Mar 15, 2010

Camp Concentration by Thomas M. Disch


Camp Concentration

Even thought it was published in the late 60s, this one felt very old school to me. The journal format, the paranoia specifically of a wartime government, even the "voice" all felt very 1984 or Kallocaine to me. Which worked in its favor. I could excuse some stilted description as a stylistic choice, I feel like, rather than sketchy writing.

But I guess "sketchy" really is the word I want to use here. The characters felt like a sketch (especially the one woman). The science - and I use that term loosely - wasn't given any details. The end seemed a little tacked on, barely fleshed.

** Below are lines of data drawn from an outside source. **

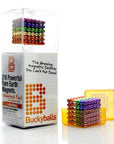 Magnetic Buckyballs - Rainbow Color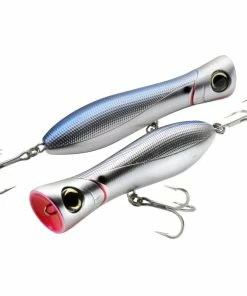 Hard Baits Yo-Zuri Bull Pop Floating Plugs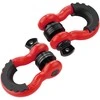 Vevor 2 vnt. 19 mm D formos grandinės su 22 mm varžtu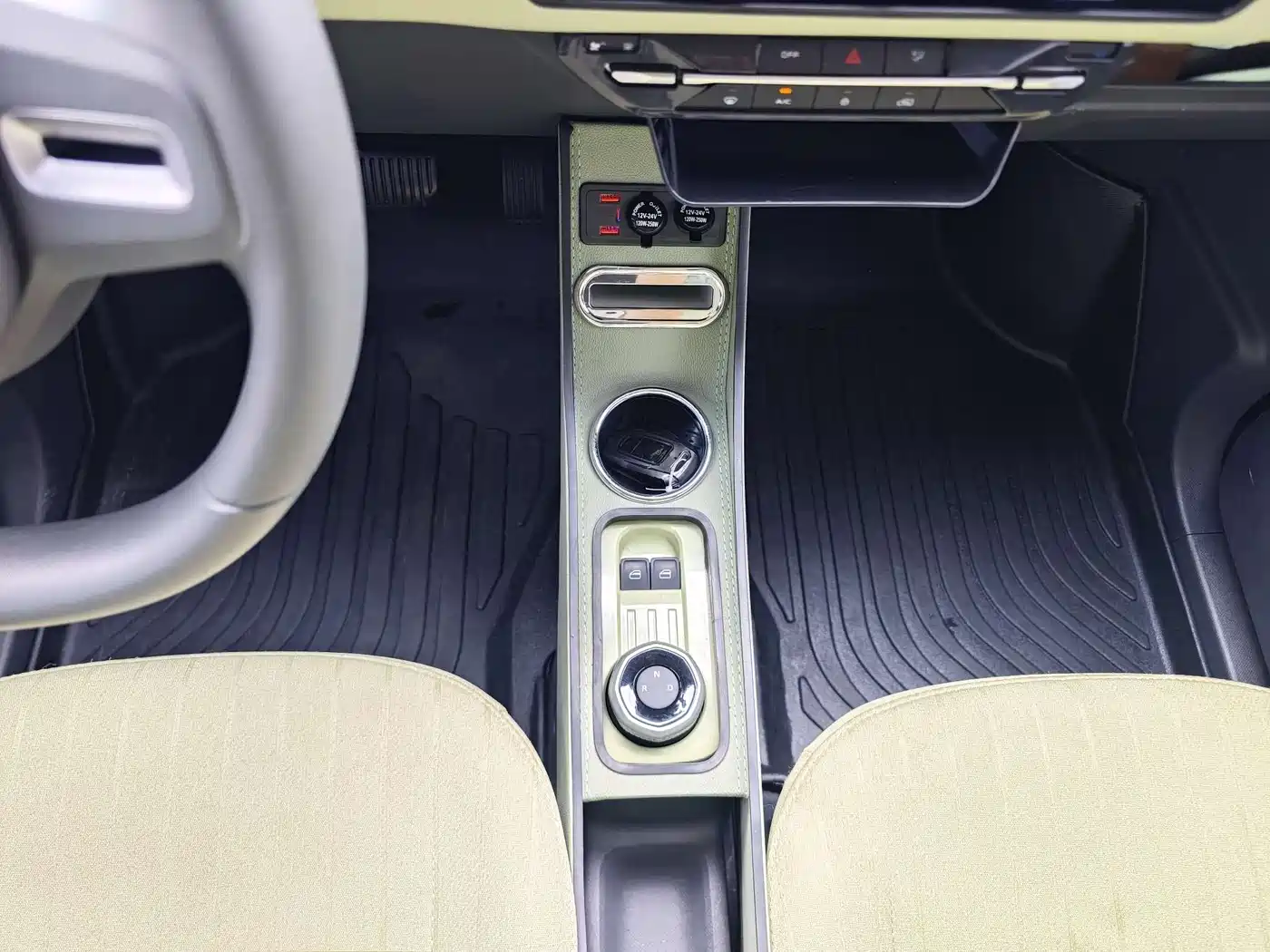 Geely Galaxy Panda 2024 Panda mini 200km Endurance Bear фото 12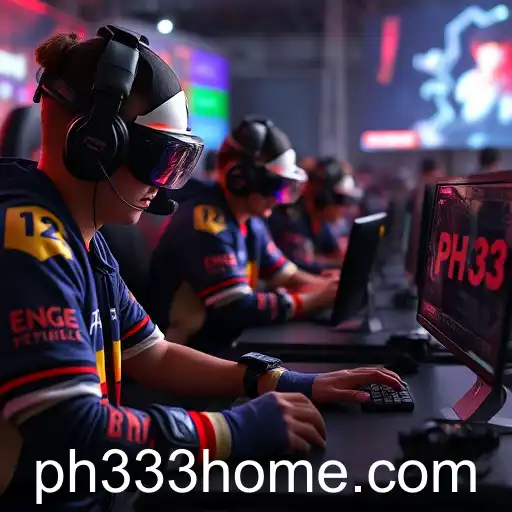 The Rise of Gaming in 2025: ph333 at the Forefront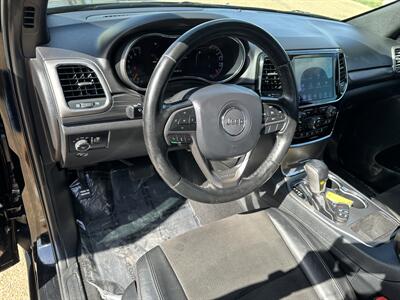2020 Jeep Grand Cherokee Altitude   - Photo 12 - Amarillo, TX 79109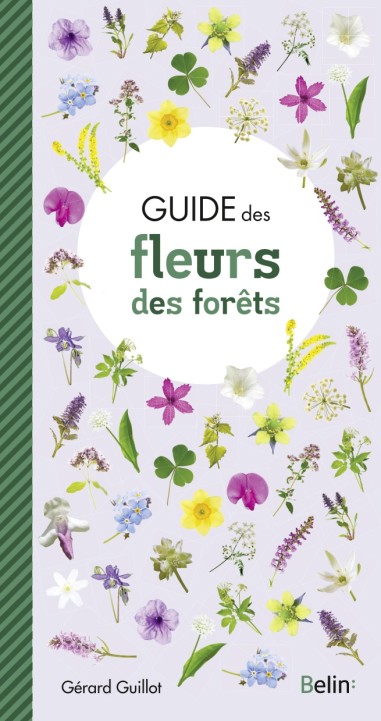 Guide des fleurs des forêts - LIVRE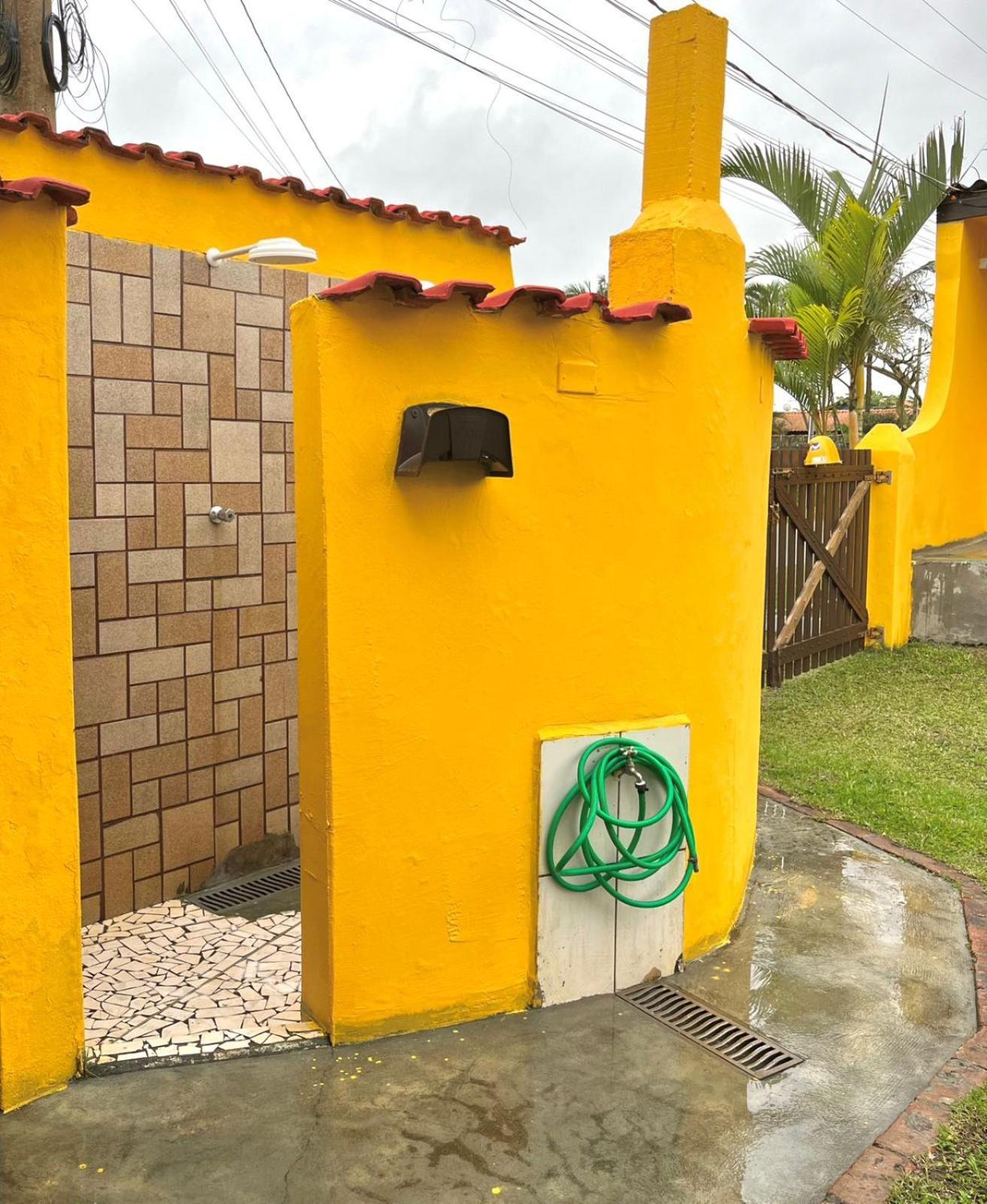 Apartamentos Atlantico Ilha Comprida Esterno foto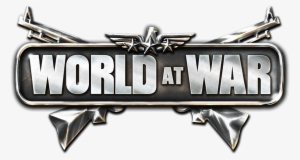 Logo - World At War Logo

That being said, not a bad read. It wasn't meant to be realistic, more of an thought exercise. How much are we willing to give up for intellect? How important is it? Health, taste, skill, life? Do they even attain intellect, or just speed? No answers given, but isn't that true of most dystopian literature?

4 comments:

B.E. Earl said...

This is a book that I started and never finished. Just couldn't get into it. I liked The Genocides much more.

downtown guy said...

It never really picked up and got rolling, but it carried me through okay. Daybreakers, on the other hand, is slow going.

WalkerP said...

Yeah, I think "sketchy" is not a bad term to use. It feels kind of like it was written as a play, with a minimalist set and just a couple of characters talking. It definitely lacked the momentum and visual intensity of The Genocides. Nevertheless, a very interesting book, especially for its time.

downtown guy said...

That's a good comparison that didn't occur to me. But should have, really, with as many performances are included in the book. It does feel like the first draft of a script, in ways.